TASK:
Give the records again exactly, but drop the pictures.

---------- TASK INPUTS

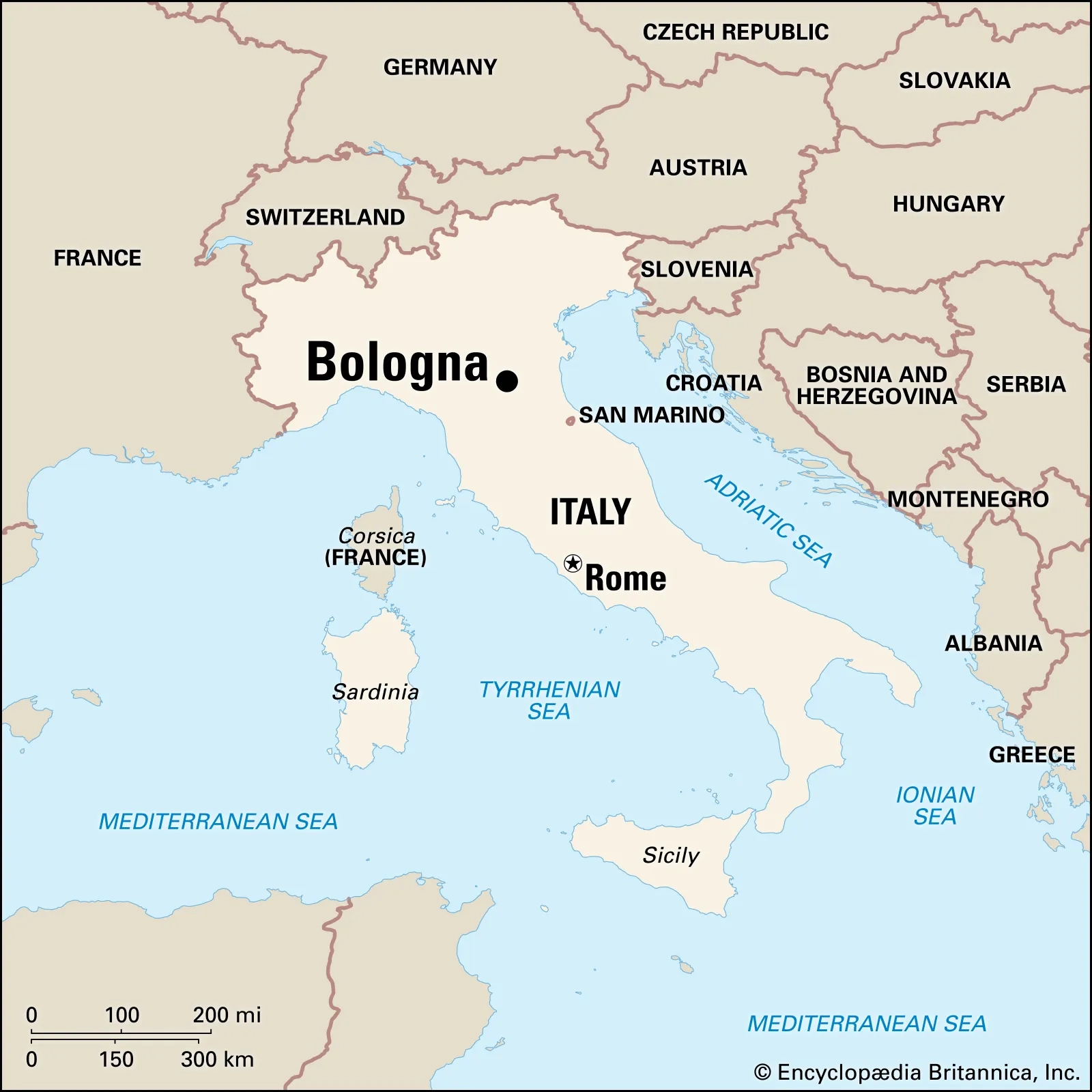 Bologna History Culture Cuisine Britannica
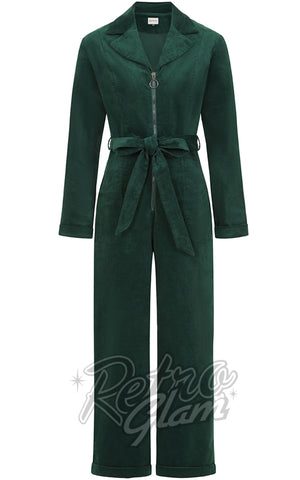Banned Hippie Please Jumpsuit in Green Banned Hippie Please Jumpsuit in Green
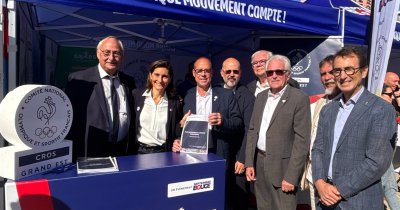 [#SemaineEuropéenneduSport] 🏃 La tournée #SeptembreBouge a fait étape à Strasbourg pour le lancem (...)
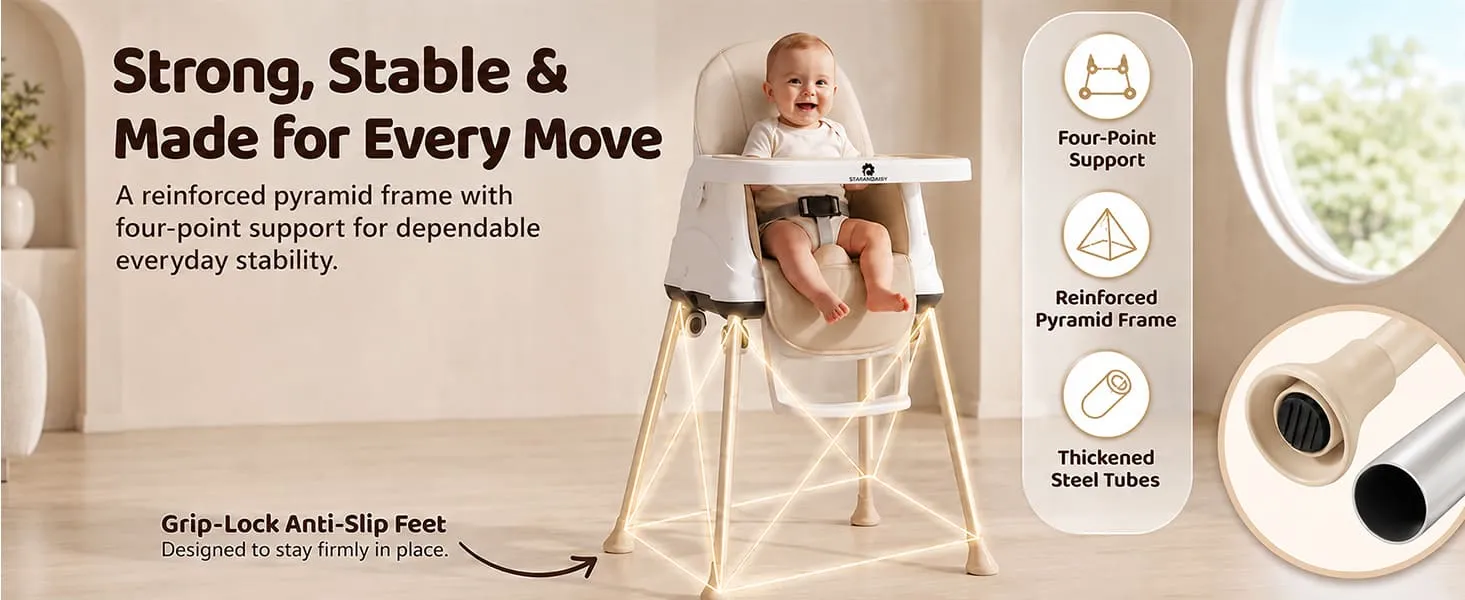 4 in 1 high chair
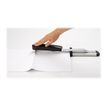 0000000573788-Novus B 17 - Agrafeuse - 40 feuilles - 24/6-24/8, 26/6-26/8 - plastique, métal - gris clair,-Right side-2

--------------------

EXERCISE OUTPUT:
 Bologna History Culture Cuisine Britannica
Banned Hippie Please Jumpsuit in Green Banned Hippie Please Jumpsuit in Green
 [#SemaineEuropéenneduSport] 🏃 La tournée #SeptembreBouge a fait étape à Strasbourg pour le lancem (...)
 4 in 1 high chair
 0000000573788-Novus B 17 - Agrafeuse - 40 feuilles - 24/6-24/8, 26/6-26/8 - plastique, métal - gris clair,-Right side-2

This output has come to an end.